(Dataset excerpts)
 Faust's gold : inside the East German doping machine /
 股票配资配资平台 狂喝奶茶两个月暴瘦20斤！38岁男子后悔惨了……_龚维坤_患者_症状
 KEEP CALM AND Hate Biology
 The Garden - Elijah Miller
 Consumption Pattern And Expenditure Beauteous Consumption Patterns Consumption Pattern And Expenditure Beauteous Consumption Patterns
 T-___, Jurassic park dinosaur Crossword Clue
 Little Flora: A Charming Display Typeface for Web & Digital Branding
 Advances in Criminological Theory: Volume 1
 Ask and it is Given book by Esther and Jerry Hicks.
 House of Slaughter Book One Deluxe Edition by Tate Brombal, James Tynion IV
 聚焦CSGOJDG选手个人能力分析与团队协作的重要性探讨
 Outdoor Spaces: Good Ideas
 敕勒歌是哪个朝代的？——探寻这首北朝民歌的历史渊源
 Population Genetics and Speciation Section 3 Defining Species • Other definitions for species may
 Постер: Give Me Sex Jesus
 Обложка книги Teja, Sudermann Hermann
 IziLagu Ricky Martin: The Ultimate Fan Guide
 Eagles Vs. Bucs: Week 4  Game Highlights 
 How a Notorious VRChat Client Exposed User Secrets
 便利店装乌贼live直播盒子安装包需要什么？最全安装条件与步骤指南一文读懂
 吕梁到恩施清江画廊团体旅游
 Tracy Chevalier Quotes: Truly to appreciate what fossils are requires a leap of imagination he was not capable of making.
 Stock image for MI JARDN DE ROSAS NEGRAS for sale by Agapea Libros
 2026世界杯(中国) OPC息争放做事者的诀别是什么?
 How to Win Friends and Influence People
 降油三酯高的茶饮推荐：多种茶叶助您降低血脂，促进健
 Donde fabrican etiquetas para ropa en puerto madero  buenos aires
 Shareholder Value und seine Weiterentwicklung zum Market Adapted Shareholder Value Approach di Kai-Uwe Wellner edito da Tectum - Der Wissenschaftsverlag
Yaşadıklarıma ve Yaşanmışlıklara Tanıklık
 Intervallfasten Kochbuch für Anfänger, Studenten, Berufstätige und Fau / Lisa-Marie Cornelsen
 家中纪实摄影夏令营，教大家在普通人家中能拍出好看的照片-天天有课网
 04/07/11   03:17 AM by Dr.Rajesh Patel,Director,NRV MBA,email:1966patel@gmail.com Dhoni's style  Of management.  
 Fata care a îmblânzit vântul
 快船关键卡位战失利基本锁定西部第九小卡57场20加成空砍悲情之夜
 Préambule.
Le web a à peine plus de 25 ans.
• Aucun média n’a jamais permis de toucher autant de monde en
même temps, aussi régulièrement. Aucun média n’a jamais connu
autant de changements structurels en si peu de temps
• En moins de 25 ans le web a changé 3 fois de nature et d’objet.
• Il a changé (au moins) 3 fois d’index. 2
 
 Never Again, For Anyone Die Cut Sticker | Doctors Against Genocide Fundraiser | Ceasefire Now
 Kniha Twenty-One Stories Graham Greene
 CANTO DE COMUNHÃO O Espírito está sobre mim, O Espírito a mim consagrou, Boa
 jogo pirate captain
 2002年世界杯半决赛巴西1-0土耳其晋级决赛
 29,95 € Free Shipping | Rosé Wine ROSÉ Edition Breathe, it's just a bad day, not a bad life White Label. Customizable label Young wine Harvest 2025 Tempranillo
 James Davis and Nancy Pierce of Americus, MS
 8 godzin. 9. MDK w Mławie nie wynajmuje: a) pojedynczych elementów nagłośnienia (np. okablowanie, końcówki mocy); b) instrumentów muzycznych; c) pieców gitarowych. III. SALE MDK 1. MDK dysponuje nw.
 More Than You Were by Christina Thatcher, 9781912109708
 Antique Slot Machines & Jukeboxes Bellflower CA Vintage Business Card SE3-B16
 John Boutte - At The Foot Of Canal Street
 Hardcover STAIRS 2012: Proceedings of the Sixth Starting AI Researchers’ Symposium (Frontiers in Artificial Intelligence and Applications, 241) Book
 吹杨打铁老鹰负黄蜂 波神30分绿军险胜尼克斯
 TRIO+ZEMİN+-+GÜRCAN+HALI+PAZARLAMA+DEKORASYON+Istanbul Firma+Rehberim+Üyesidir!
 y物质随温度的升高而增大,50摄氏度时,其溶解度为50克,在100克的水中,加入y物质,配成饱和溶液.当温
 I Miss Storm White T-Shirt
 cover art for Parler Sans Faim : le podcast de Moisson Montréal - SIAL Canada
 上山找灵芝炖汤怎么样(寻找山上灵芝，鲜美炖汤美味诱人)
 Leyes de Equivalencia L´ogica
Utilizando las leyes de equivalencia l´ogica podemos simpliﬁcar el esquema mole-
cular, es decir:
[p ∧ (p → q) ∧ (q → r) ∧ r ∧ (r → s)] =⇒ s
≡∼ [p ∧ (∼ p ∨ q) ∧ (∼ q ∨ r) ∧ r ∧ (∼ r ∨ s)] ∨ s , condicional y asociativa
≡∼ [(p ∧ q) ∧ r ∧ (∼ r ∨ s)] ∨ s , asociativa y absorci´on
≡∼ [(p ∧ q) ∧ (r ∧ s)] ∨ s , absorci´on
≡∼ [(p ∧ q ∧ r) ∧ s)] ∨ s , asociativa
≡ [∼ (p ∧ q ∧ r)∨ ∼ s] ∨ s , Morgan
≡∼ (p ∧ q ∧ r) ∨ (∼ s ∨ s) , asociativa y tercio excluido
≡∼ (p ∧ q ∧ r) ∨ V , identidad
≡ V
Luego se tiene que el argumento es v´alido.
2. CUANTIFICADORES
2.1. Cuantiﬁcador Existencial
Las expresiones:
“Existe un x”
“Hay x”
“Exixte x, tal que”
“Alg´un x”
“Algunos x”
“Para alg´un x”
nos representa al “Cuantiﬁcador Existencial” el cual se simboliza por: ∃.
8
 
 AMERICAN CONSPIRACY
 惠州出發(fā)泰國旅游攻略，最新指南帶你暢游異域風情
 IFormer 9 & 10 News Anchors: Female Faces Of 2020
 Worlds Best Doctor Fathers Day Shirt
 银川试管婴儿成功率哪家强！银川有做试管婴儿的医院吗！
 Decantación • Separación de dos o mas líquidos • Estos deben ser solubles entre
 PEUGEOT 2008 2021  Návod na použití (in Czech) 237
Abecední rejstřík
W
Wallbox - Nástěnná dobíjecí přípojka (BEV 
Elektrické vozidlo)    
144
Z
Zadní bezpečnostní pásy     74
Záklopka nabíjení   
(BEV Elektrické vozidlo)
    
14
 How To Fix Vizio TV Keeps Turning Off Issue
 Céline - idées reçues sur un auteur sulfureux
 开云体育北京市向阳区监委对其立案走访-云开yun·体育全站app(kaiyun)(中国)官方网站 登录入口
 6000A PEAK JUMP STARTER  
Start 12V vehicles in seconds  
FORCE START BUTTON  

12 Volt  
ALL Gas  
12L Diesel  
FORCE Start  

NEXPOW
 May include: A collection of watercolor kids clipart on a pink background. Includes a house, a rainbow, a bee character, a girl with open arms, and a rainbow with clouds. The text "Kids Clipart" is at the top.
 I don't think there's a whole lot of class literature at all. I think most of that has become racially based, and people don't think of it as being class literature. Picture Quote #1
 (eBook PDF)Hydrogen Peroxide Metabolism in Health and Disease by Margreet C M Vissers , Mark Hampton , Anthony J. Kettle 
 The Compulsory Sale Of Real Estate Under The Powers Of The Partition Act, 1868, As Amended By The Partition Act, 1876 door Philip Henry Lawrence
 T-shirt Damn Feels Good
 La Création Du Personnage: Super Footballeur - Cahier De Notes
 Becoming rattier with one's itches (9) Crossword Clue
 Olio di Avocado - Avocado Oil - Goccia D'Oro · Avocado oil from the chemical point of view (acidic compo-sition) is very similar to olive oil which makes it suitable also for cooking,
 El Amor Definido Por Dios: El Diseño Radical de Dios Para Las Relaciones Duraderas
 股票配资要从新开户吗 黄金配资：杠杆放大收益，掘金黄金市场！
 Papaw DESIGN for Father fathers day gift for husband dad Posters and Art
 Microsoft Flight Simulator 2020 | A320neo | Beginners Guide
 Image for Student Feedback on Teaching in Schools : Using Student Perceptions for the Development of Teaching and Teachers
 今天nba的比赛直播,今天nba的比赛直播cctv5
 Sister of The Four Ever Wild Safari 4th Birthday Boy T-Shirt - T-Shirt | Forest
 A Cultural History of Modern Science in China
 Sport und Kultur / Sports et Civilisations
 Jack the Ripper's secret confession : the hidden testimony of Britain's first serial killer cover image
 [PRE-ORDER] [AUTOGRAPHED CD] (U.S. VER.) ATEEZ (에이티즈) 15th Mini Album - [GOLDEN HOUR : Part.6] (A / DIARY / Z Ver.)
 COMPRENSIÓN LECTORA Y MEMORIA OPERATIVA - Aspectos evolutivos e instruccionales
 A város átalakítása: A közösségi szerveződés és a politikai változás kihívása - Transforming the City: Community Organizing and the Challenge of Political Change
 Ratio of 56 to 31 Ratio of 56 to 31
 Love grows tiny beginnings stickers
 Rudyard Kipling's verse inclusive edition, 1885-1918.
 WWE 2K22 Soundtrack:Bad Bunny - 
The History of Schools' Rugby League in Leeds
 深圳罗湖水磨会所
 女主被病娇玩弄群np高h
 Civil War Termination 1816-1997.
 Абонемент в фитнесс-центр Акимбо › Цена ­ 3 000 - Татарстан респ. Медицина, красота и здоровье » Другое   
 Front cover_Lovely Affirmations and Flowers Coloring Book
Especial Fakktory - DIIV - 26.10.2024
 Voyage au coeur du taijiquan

#### Assignment:
Give back exactly the lines above starting at the line where "吹杨打铁老鹰负黄蜂 波神30分绿军险胜尼克斯" appears and ending at the line where "Utilizando las leyes" appears, both included, with no other lines.

#### Problem solution:
 吹杨打铁老鹰负黄蜂 波神30分绿军险胜尼克斯
 TRIO+ZEMİN+-+GÜRCAN+HALI+PAZARLAMA+DEKORASYON+Istanbul Firma+Rehberim+Üyesidir!
 y物质随温度的升高而增大,50摄氏度时,其溶解度为50克,在100克的水中,加入y物质,配成饱和溶液.当温
 I Miss Storm White T-Shirt
 cover art for Parler Sans Faim : le podcast de Moisson Montréal - SIAL Canada
 上山找灵芝炖汤怎么样(寻找山上灵芝，鲜美炖汤美味诱人)
 Leyes de Equivalencia L´ogica
Utilizando las leyes de equivalencia l´ogica podemos simpliﬁcar el esquema mole-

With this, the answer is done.